In this case, an update is a good idea because of the risk associated with granting stock options to employees or company officers based on a stale analysis. Without an update, the company is at risk of granting “in-the-money” options, which could expose stakeholders to IRS scrutiny, additional taxes, and penalties. When questioned by a governing body, it’s difficult to argue that the company had a considerable value creating event and the underlying common stock didn’t increase as well.
Changing Strategies or Missing a Milestone
Not every situation requiring an update is going to be positive. Sometimes, unforeseen difficulties can impair the business enterprise value. For example, failure to achieve a specific milestone may result in a company resetting expectations or changing a business strategy altogether. In cases like this, valuations will likely decrease and can serve as an opportunity to grant options at a lower price than if the company been executing to plan.
Valuations for IPOs
As companies begin considering an initial public offering (IPO), the company’s auditors and the Securities and Exchange Commission (SEC) will mandate that certain valuation models be utilized. Models that were acceptable prior to beginning the IPO process are no longer considered “best practices” in an IPO situation. Although there may not be any business-specific reason to update an analysis, complying with auditors and the SEC makes for a much smoother IPO review process.
Major Changes to Capitalization Table
Over time, companies that have gone through numerous rounds of financing often experience major changes to their ownership structures or capitalization tables (cap tables).

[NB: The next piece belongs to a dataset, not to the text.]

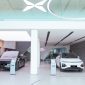 Tampilan unit dalam XPENG Experience & Service Center di Jalan Jenderal Sudirman Nomor 310, Semarang.
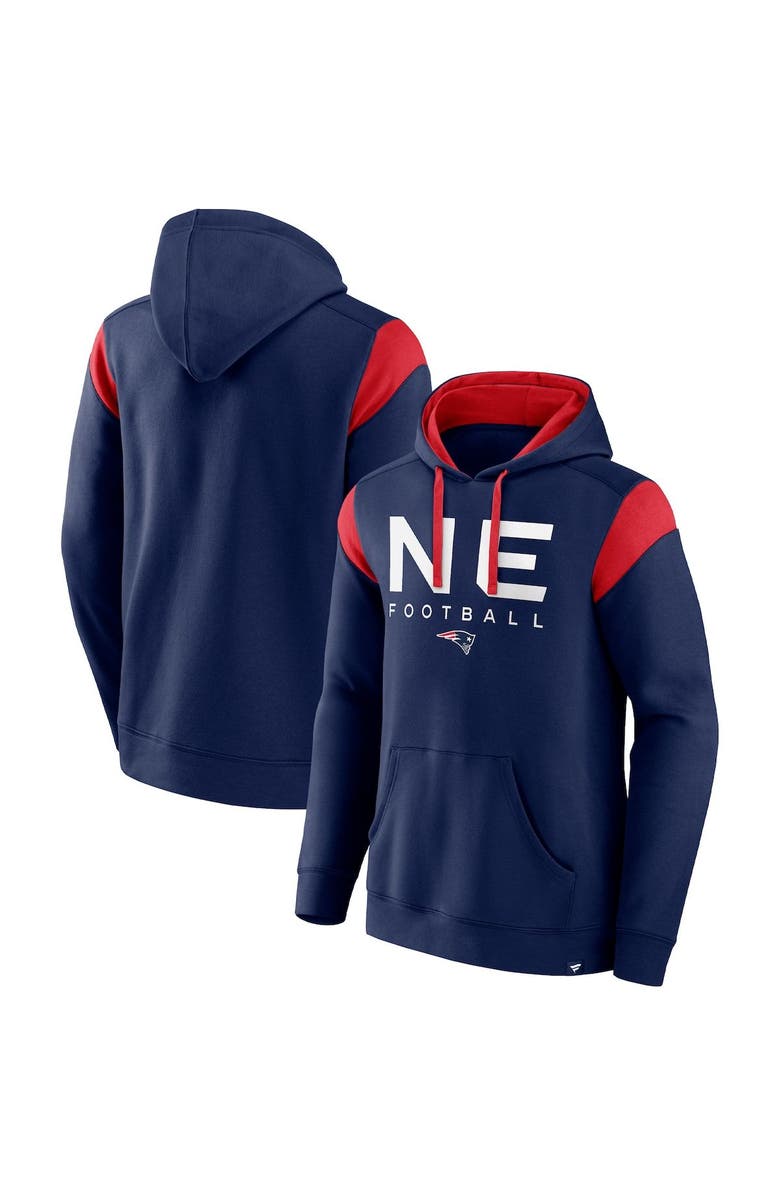 FANATICS Men's Fanatics Navy New England Patriots Call The Shot Pullover Hoodie, Main, color,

Oftentimes, certain provisions will require the company to issue an increasing number of securities, resulting in cap tables that are difficult to manage and understand.
To reduce the complexity, businesses will often recapitalize (recap) their existing cap tables. In doing so, ownership rights and preferences often change along with the value allocated amongst share classes. For accounting purposes, it is beneficial to update a previous 409A analysis so that all options are aligned with the current rights and preferences of the new cap table.
Why Should You Revalue Your Company?
Should changes occur within the company or economy, having an updated analysis will provide a level of assurance that the company is not issuing options based on old or misleading analyses. Failure to do so may put shareholders at risk and expose them to unnecessary IRS audits.
In the end, if the company is not issuing a significant number of options, it may not need to update its 409A other than annually. And as always, it’s best to discuss the company’s specific situation with both legal counsel and the firm’s auditors to ensure that proper compliance is being maintained.